Task details —
Give again only the lines from the line that holds "Cartier Cle Silvered" to the end of the data, inclusive, omitting all pictures.

Entries provided —

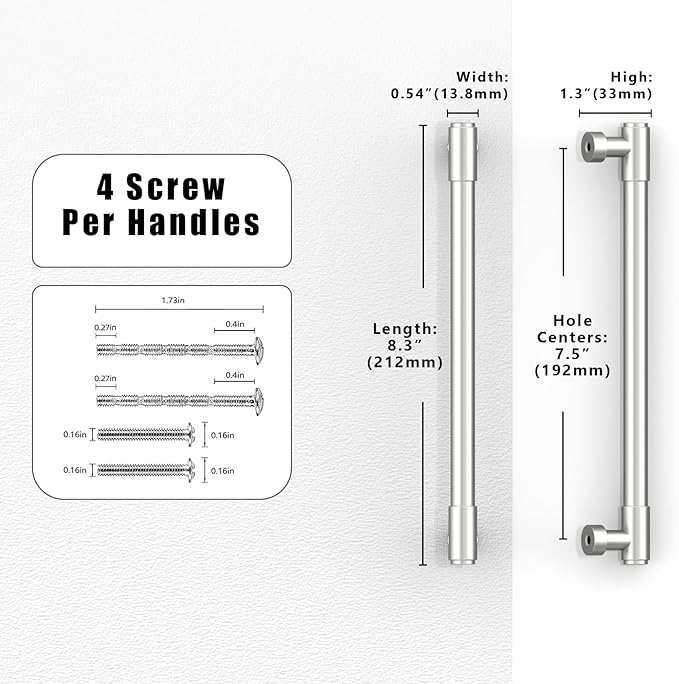 10 Pack Brushed Satin Nickel Cabinet Pulls 7.5 Inch(192mm) Kitchen Cabinet Handles Cabinet Hardware for Drawer Pulls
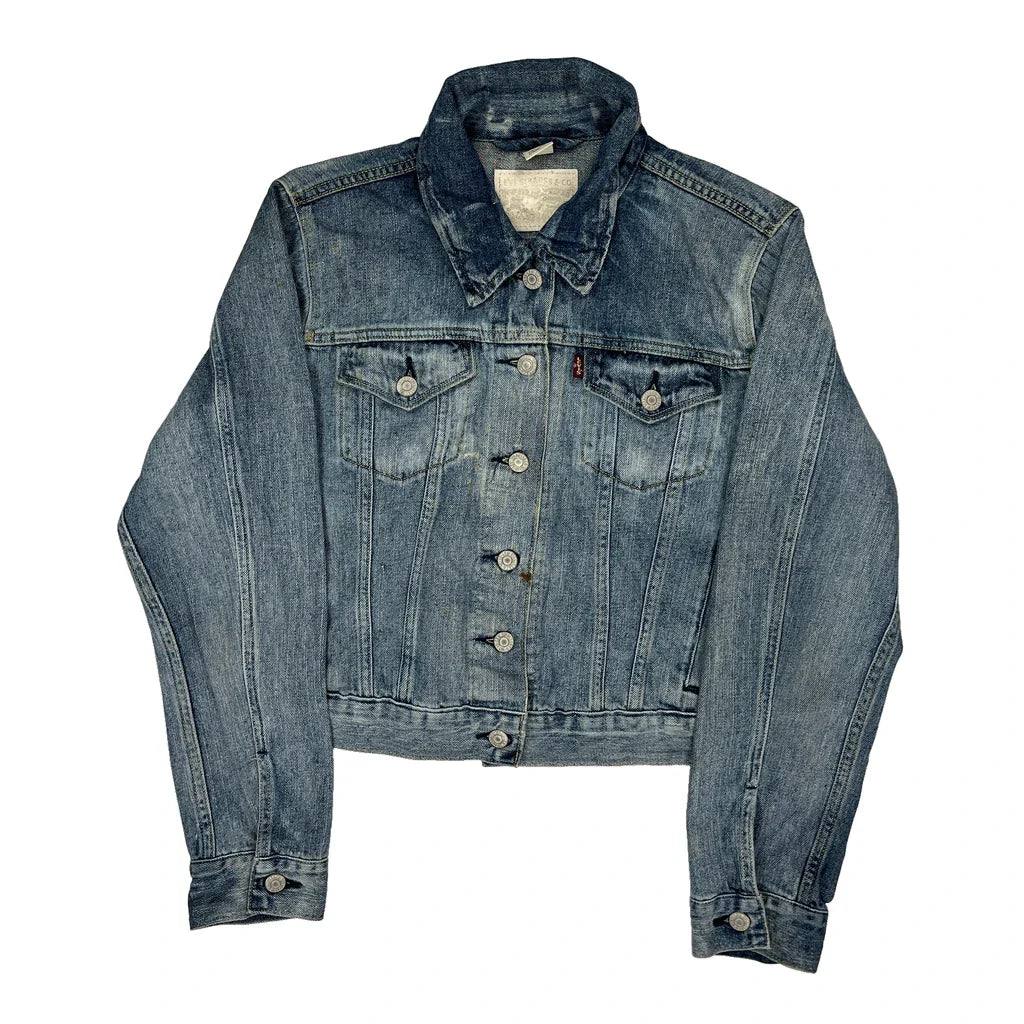 Levis Denim Jacket - Small Blue Denim Refurbished - Thrifted (note: this is a term often used to describe second- refurbished available on Cerqular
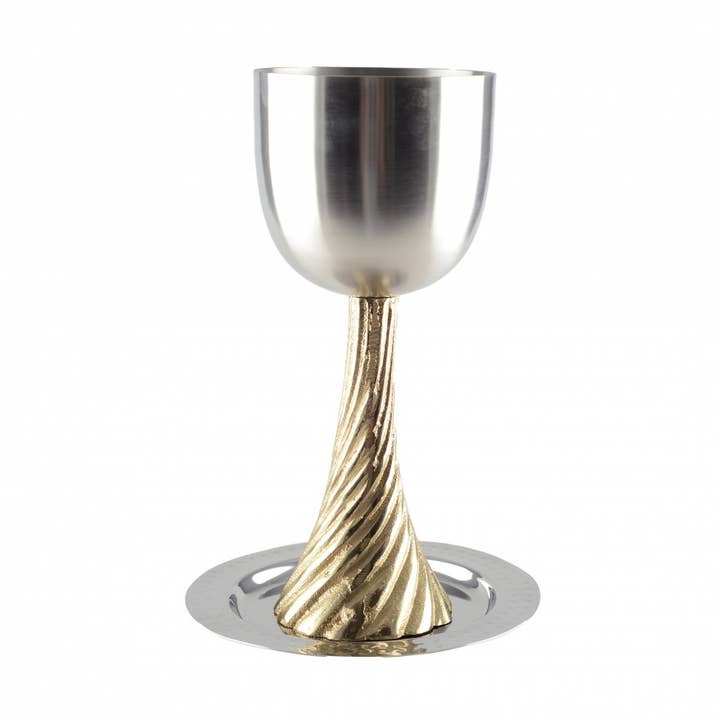 Kiddush glass with gold stem and saucer for wholesale by AULICA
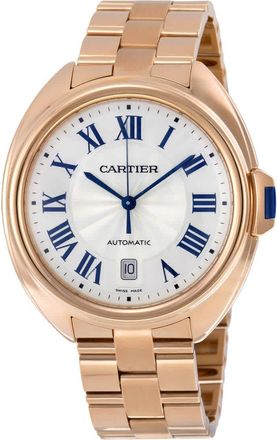Cartier Cle Silvered Flinque Dial 18kt Rose Gold Mens Watch WGCL0002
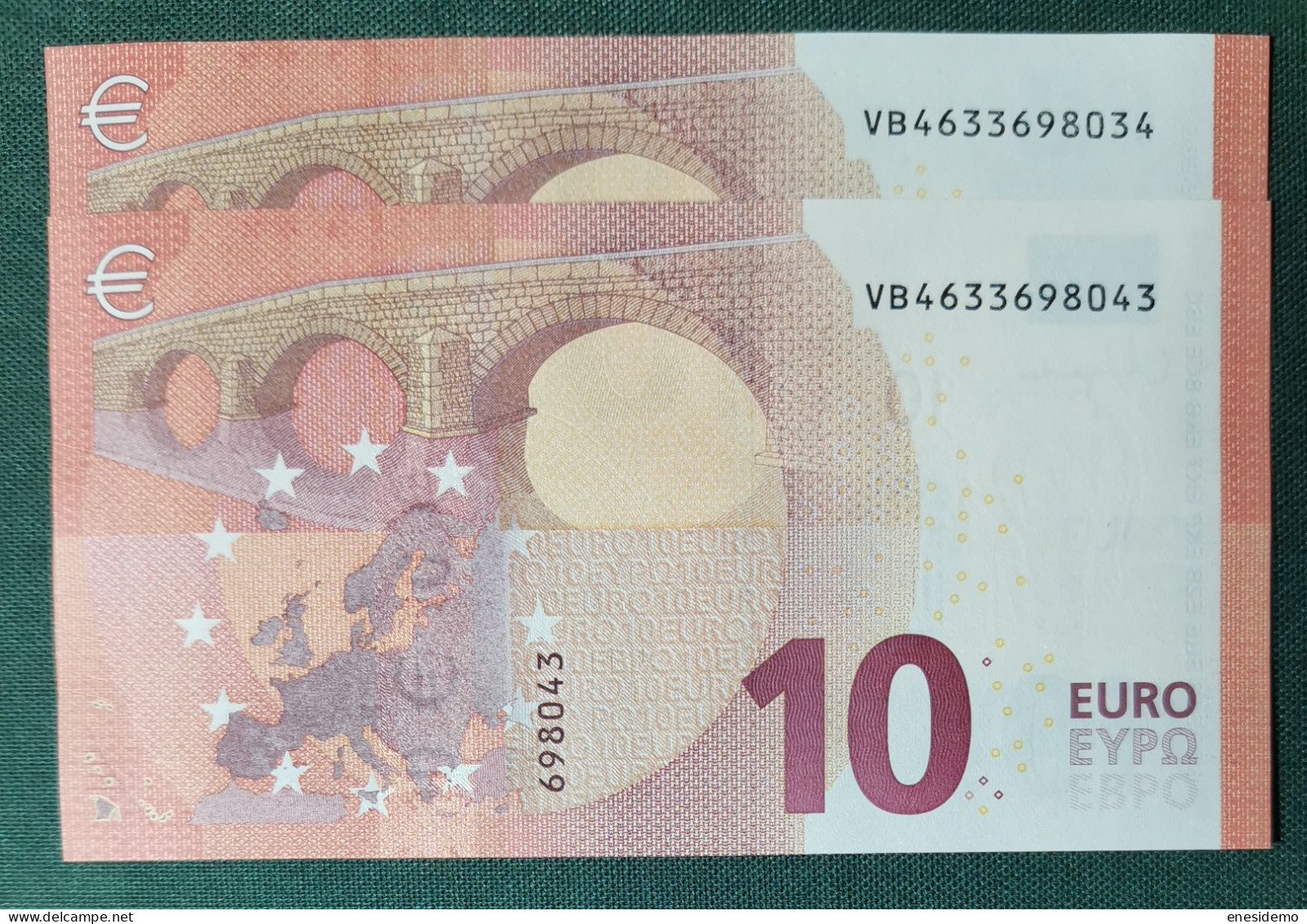 10 EURO SPAIN 2014 LAGARDE V011I1 VB CORRELATIVE PAIR RADAR 2 SC FDS UNCIRCULATED  PERFECT - 10 Euro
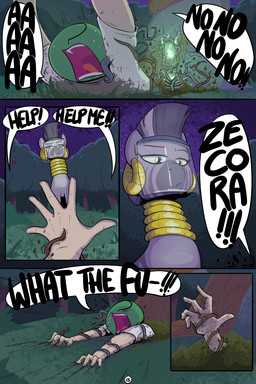 bone bound dialogue ear_piercing ear_ring face_shield female feral magic male mask night nonchalant outside piercing plant ring_piercing skeleton text tree yelling shoutingisfun friendship_is_magic hasbro my_little_pony anon pear_butter_(mlp) zecora_(mlp) equid equine human mammal undead zebra 2:3 comic english_text hi_res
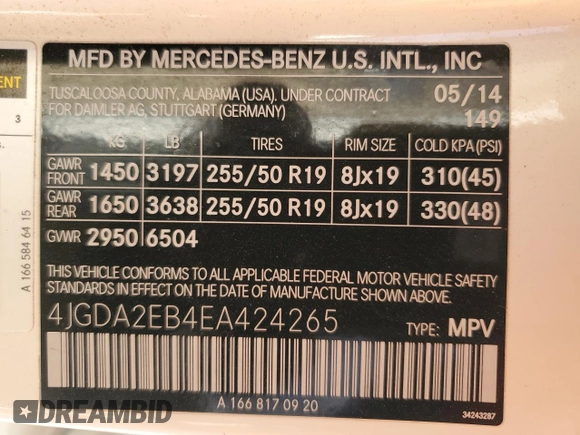 2014 Mercedes-Benz M 350 with VIN 4JGDA2EB4EA424265, listed as a Copart auction lot 88781845 with 172,595 mi miles and Clean title. Bid and sale history available at DreamBid. Image 13.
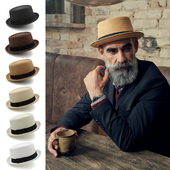 夏季 男女通用欧美英伦复古草编礼帽防晒遮阳草帽旅游法式 太阳帽子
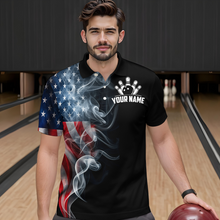 Load image into Gallery viewer, Custom Skull Bowling Shirts For Men Women American Flag Bowling Jersey Team BDT507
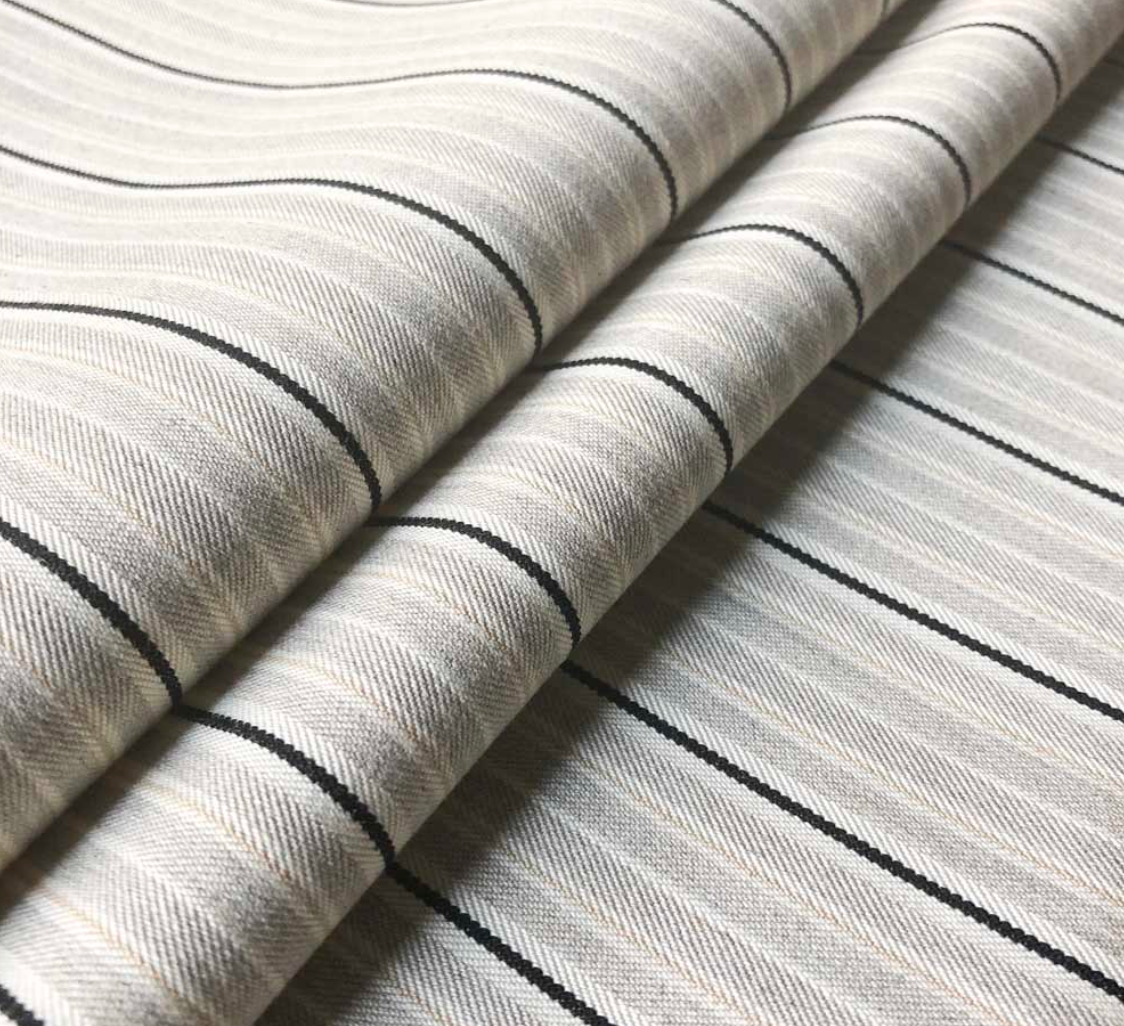 Black - Vintage Stripe 4 Fabric Ian Mankin 100% Cotton
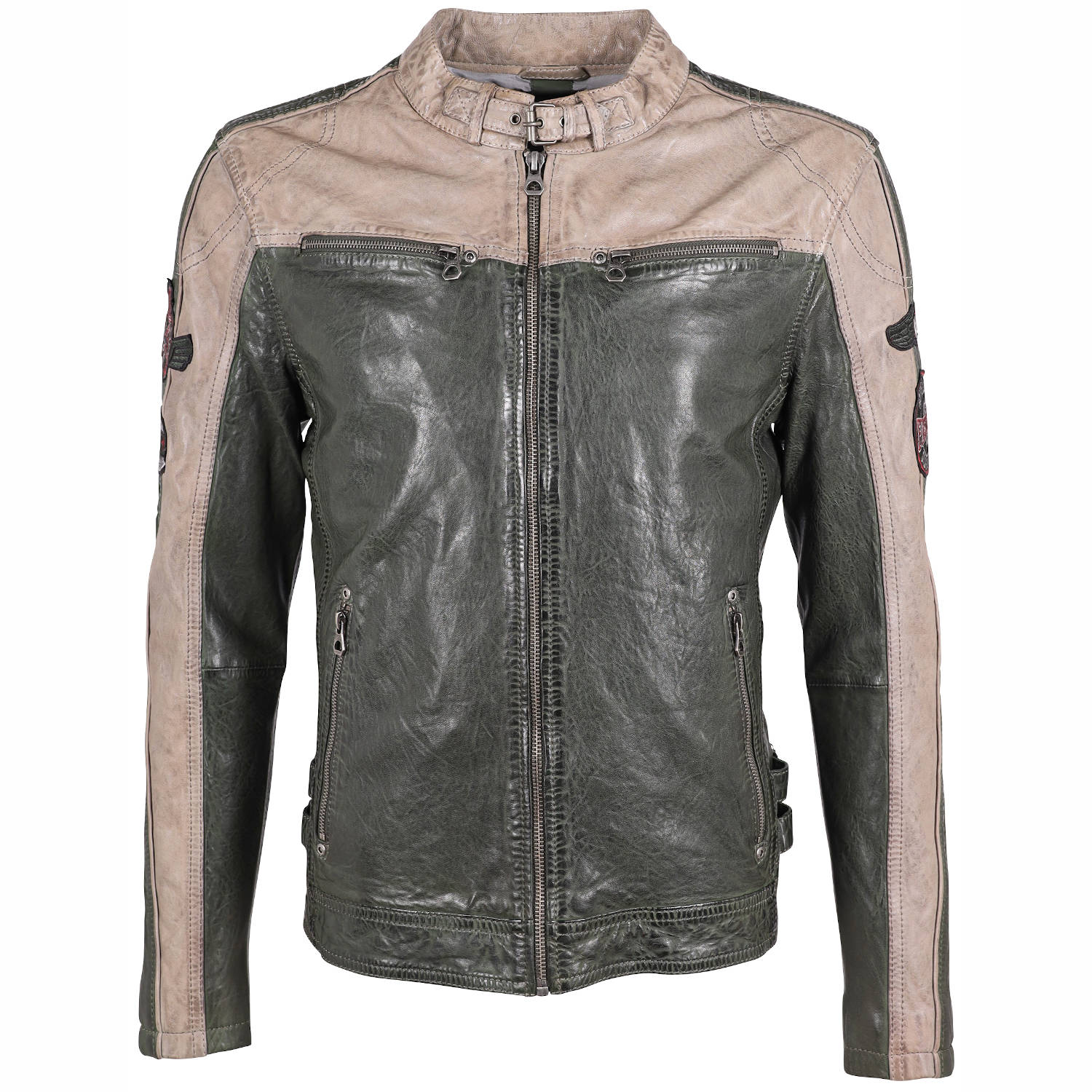 Geaca de Piele Barbati Gipsy Verde Inchis/Gri GMMylow LARIV – IMBRACAMINTE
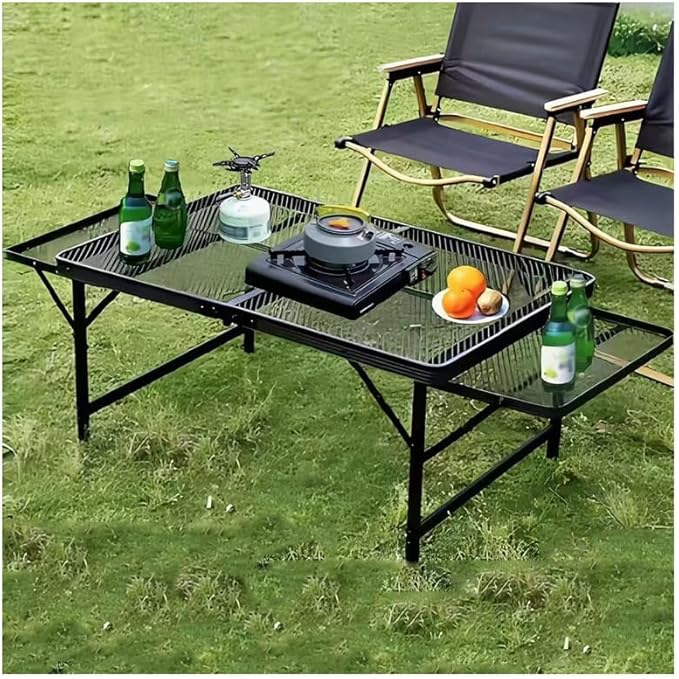 Metal Folding Table Lightweight Grill Side Table for Backpacking Party Beach Fishing Quick Setup Foldable Camping Table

Response to the task —
Cartier Cle Silvered Flinque Dial 18kt Rose Gold Mens Watch WGCL0002
 10 EURO SPAIN 2014 LAGARDE V011I1 VB CORRELATIVE PAIR RADAR 2 SC FDS UNCIRCULATED  PERFECT - 10 Euro
 bone bound dialogue ear_piercing ear_ring face_shield female feral magic male mask night nonchalant outside piercing plant ring_piercing skeleton text tree yelling shoutingisfun friendship_is_magic hasbro my_little_pony anon pear_butter_(mlp) zecora_(mlp) equid equine human mammal undead zebra 2:3 comic english_text hi_res
 2014 Mercedes-Benz M 350 with VIN 4JGDA2EB4EA424265, listed as a Copart auction lot 88781845 with 172,595 mi miles and Clean title. Bid and sale history available at DreamBid. Image 13.
 夏季 男女通用欧美英伦复古草编礼帽防晒遮阳草帽旅游法式 太阳帽子
 Load image into Gallery viewer, Custom Skull Bowling Shirts For Men Women American Flag Bowling Jersey Team BDT507
 Black - Vintage Stripe 4 Fabric Ian Mankin 100% Cotton
 Geaca de Piele Barbati Gipsy Verde Inchis/Gri GMMylow LARIV – IMBRACAMINTE
 Metal Folding Table Lightweight Grill Side Table for Backpacking Party Beach Fishing Quick Setup Foldable Camping Table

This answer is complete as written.